* Assignment
Below is a block of records; please copy all of them exactly.

* Input data

● ● ●

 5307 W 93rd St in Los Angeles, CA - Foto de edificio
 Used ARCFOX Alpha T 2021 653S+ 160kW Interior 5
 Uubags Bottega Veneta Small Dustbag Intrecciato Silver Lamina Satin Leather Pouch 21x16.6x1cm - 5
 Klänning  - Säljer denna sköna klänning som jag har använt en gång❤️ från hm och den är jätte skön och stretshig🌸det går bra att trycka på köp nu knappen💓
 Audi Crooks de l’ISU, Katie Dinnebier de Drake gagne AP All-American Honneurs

● ● ●

* Your response
 5307 W 93rd St in Los Angeles, CA - Foto de edificio
 Used ARCFOX Alpha T 2021 653S+ 160kW Interior 5
 Uubags Bottega Veneta Small Dustbag Intrecciato Silver Lamina Satin Leather Pouch 21x16.6x1cm - 5
 Klänning  - Säljer denna sköna klänning som jag har använt en gång❤️ från hm och den är jätte skön och stretshig🌸det går bra att trycka på köp nu knappen💓
 Audi Crooks de l’ISU, Katie Dinnebier de Drake gagne AP All-American Honneurs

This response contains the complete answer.